Comprendere l'Algoritmo di Shor e le Sue Limitazioni

L'algoritmo di Shor, sviluppato da Peter Shor nel 1994, rappresenta una minaccia teorica per molti dei sistemi crittografici a chiave pubblica su cui si basa gran parte dell'infrastruttura digitale odierna, inclusi protocolli come RSA e Diffie-Hellman. La sua efficacia risiede nella capacità di fattorizzare grandi numeri interi in modo esponenzialmente più veloce rispetto agli algoritmi classici. Tuttavia, è fondamentale sottolineare che l'algoritmo di Shor non è progettato per attaccare in modo efficiente la crittografia a chiave simmetrica. Gli algoritmi come AES operano su principi crittografici differenti, basati su sostituzioni e permutazioni complesse, che non sono direttamente influenzate dalla fattorizzazione di numeri primi.

L'Attacco di Grover e la sua Applicazione ad AES

Esiste un altro algoritmo quantistico di rilievo, l'algoritmo di Grover, che potrebbe teoricamente accelerare la ricerca in database non strutturati. Questo algoritmo può fornire un aumento di velocità quadratico nella ricerca di una chiave crittografica, riducendo efficacemente la complessità di un attacco a forza bruta. Per AES-128, che ha una chiave di 128 bit, un attacco di Grover ridurrebbe la sicurezza effettiva a circa 64 bit. Sebbene ciò rappresenti una diminuzione della sicurezza, 64 bit di sicurezza sono ancora considerati molto difficili da violare con la tecnologia attuale o prevedibile. Per contrastare efficacemente un attacco di Grover, la soluzione più semplice e pratica è quella di aumentare la lunghezza della chiave. Ad esempio, passare ad AES-256 raddoppierebbe la sicurezza effettiva contro un attacco di Grover, portandola a circa 128 bit, una cifra ancora considerata estremamente sicura per il futuro prevedibile.

La Robustezza di AES-128 nel Contesto Post-Quantistico

La comunità della cybersicurezza è ben consapevole delle potenziali minacce poste dai computer quantistici e sta attivamente lavorando allo sviluppo di algoritmi crittografici resistenti ai quanti (Post-Quantum Cryptography - PQC). Tuttavia, la transizione a questi nuovi standard è un processo lungo e complesso che richiede tempo per la standardizzazione, l'implementazione e la migrazione delle infrastrutture esistenti. In questo contesto di transizione, AES-128 continua a offrire un livello di sicurezza robusto. Gli esperti concordano sul fatto che, anche con l'avvento di computer quantistici capaci, un attacco efficace contro AES-128 richiederebbe risorse computazionali e tempi proibitivi. Pertanto, la raccomandazione non è di abbandonare immediatamente AES-128, ma di considerare un suo affiancamento o una futura migrazione verso algoritmi a chiave simmetrica più robusti o soluzioni PQC, soprattutto per proteggere dati a lunghissimo termine.

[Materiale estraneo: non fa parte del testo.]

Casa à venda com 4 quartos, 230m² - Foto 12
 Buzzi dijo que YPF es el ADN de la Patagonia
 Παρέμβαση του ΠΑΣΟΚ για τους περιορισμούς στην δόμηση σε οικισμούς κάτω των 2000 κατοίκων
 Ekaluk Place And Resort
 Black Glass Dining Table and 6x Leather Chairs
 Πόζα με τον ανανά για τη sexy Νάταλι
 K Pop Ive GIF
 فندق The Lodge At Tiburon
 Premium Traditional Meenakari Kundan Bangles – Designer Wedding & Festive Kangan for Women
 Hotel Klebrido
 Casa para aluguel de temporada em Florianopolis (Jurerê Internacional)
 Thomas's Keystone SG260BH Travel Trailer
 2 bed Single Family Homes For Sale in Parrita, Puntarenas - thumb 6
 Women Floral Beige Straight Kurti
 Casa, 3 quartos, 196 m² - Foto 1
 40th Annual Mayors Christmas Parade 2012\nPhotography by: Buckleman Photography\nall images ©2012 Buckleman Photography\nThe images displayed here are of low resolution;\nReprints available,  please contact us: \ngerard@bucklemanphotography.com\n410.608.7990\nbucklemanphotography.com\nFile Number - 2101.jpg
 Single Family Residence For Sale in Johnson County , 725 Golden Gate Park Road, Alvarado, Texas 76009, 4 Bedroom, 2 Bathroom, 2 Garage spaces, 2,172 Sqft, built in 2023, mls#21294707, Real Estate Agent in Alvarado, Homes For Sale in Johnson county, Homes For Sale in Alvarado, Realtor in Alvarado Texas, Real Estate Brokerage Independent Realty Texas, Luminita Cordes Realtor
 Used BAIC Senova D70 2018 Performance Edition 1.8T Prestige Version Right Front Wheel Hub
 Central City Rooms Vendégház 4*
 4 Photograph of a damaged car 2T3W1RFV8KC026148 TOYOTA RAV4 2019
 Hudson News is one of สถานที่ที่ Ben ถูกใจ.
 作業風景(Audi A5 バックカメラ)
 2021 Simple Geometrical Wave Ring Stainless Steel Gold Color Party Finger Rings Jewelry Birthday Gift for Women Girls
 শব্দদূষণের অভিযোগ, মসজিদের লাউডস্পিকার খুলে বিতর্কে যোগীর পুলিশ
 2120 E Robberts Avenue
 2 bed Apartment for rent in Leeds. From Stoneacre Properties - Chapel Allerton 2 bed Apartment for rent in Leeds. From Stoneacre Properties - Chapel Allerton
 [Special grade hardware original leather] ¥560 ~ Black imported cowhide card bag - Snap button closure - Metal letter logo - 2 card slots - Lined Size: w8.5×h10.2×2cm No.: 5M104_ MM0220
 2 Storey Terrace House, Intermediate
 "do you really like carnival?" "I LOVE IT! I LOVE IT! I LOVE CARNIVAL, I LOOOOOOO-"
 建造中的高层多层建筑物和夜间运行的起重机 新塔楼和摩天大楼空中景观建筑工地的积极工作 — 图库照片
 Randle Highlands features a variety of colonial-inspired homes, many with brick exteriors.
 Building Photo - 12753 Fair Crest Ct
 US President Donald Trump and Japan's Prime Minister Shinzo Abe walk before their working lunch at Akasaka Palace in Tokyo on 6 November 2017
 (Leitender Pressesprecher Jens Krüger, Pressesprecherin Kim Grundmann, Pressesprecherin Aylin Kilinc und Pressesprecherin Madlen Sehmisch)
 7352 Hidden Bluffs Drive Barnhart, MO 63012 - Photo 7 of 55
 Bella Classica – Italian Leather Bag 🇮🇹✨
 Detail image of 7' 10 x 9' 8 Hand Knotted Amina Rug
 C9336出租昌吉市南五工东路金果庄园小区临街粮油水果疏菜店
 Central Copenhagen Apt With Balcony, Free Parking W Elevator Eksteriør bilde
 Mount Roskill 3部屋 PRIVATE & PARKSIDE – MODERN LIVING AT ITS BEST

Implicazioni per la Transizione alla Crittografia Post-Quantistica

È innegabile che la minaccia quantistica richieda una pianificazione strategica. Le organizzazioni devono iniziare a valutare i propri requisiti di sicurezza e a pianificare la transizione verso algoritmi post-quantistici. Tuttavia, questo non deve necessariamente significare un abbandono immediato di AES-128. La sua continua validità, specialmente per dati con un ciclo di vita più breve o per applicazioni dove la velocità e l'efficienza sono critiche, lo rende ancora una scelta valida. La priorità dovrebbe essere data alla migrazione di quei sistemi che si basano su crittografia a chiave pubblica vulnerabile agli attacchi quantistici. Per AES-128, la chiave sta nel monitorare i progressi nella ricerca sulla computazione quantistica e nell'adottare un approccio graduale alla crittografia post-quantistica, considerando AES-256 come un ponte intermedio o una soluzione a lungo termine per molte applicazioni.